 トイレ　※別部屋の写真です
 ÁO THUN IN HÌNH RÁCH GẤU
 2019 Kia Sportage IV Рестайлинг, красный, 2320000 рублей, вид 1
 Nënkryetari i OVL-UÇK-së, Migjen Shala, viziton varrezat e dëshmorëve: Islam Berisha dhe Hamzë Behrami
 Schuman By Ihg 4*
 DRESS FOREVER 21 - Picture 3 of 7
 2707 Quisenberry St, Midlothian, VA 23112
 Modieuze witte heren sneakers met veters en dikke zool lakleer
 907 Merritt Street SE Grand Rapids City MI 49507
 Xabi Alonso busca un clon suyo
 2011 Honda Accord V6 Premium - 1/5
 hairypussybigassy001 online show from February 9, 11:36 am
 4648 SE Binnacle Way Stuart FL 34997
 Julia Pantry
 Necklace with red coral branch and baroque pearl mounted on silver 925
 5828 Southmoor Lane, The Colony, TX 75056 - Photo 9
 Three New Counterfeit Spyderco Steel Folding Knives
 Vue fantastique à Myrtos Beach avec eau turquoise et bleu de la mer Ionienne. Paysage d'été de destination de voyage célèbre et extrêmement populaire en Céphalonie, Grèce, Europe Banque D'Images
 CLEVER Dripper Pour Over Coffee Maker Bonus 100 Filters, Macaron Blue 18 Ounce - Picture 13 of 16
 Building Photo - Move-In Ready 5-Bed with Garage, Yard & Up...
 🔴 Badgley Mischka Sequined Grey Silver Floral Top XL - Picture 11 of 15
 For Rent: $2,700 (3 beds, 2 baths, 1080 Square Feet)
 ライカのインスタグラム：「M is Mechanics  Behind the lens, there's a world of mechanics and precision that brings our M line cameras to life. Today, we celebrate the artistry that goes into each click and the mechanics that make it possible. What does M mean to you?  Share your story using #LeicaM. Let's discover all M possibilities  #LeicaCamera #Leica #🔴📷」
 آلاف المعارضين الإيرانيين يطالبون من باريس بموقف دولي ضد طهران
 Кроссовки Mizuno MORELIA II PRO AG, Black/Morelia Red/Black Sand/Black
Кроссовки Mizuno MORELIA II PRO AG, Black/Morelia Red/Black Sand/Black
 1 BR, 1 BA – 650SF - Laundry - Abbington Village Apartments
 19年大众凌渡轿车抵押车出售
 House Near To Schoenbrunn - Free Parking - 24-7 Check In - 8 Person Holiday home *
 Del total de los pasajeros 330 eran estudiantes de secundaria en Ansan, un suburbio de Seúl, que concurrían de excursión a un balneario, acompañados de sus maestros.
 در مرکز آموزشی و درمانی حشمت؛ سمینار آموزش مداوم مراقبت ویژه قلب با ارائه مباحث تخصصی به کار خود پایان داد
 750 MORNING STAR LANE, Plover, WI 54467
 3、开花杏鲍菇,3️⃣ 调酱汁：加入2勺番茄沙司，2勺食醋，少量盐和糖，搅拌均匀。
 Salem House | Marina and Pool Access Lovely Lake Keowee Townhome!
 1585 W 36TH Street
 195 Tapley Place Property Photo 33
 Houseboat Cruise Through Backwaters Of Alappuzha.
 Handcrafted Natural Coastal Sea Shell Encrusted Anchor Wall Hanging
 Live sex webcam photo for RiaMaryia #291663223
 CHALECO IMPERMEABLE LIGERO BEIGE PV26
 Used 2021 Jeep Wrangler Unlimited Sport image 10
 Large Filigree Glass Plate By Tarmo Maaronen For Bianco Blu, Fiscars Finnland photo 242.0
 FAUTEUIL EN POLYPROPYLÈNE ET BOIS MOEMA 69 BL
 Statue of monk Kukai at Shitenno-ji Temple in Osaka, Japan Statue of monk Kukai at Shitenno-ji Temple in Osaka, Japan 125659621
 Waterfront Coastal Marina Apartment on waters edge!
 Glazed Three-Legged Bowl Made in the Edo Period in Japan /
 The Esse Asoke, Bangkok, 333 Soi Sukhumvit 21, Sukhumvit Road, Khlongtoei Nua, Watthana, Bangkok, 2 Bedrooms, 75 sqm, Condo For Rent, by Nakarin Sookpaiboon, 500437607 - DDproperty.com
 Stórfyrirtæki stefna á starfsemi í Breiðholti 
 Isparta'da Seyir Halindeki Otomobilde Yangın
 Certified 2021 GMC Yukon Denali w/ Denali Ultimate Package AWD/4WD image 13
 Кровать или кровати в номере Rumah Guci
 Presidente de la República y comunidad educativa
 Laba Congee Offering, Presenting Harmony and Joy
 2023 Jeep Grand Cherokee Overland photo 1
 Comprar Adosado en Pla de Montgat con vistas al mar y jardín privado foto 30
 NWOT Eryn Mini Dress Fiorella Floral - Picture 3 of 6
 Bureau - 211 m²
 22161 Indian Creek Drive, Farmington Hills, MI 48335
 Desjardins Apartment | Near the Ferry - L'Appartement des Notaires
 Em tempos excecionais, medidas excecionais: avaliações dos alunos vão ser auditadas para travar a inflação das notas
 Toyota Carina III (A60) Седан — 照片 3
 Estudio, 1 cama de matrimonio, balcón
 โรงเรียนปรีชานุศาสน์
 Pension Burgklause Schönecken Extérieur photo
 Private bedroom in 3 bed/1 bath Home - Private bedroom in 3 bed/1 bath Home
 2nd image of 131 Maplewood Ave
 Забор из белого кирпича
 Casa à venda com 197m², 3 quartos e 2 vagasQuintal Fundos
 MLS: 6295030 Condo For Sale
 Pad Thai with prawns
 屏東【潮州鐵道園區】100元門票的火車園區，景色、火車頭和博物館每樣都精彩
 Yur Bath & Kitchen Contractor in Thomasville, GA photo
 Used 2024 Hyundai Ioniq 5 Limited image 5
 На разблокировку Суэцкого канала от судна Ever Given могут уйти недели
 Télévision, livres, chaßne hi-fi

Task objective: Above are the records. Print exactly, and only, the lines from the line with "CHALECO IMPERMEABLE LIGERO BEIGE PV26" to the line with "Desjardins Apartment |", both inclusive.

Response area:
 CHALECO IMPERMEABLE LIGERO BEIGE PV26
 Used 2021 Jeep Wrangler Unlimited Sport image 10
 Large Filigree Glass Plate By Tarmo Maaronen For Bianco Blu, Fiscars Finnland photo 242.0
 FAUTEUIL EN POLYPROPYLÈNE ET BOIS MOEMA 69 BL
 Statue of monk Kukai at Shitenno-ji Temple in Osaka, Japan Statue of monk Kukai at Shitenno-ji Temple in Osaka, Japan 125659621
 Waterfront Coastal Marina Apartment on waters edge!
 Glazed Three-Legged Bowl Made in the Edo Period in Japan /
 The Esse Asoke, Bangkok, 333 Soi Sukhumvit 21, Sukhumvit Road, Khlongtoei Nua, Watthana, Bangkok, 2 Bedrooms, 75 sqm, Condo For Rent, by Nakarin Sookpaiboon, 500437607 - DDproperty.com
 Stórfyrirtæki stefna á starfsemi í Breiðholti 
 Isparta'da Seyir Halindeki Otomobilde Yangın
 Certified 2021 GMC Yukon Denali w/ Denali Ultimate Package AWD/4WD image 13
 Кровать или кровати в номере Rumah Guci
 Presidente de la República y comunidad educativa
 Laba Congee Offering, Presenting Harmony and Joy
 2023 Jeep Grand Cherokee Overland photo 1
 Comprar Adosado en Pla de Montgat con vistas al mar y jardín privado foto 30
 NWOT Eryn Mini Dress Fiorella Floral - Picture 3 of 6
 Bureau - 211 m²
 22161 Indian Creek Drive, Farmington Hills, MI 48335
 Desjardins Apartment | Near the Ferry - L'Appartement des Notaires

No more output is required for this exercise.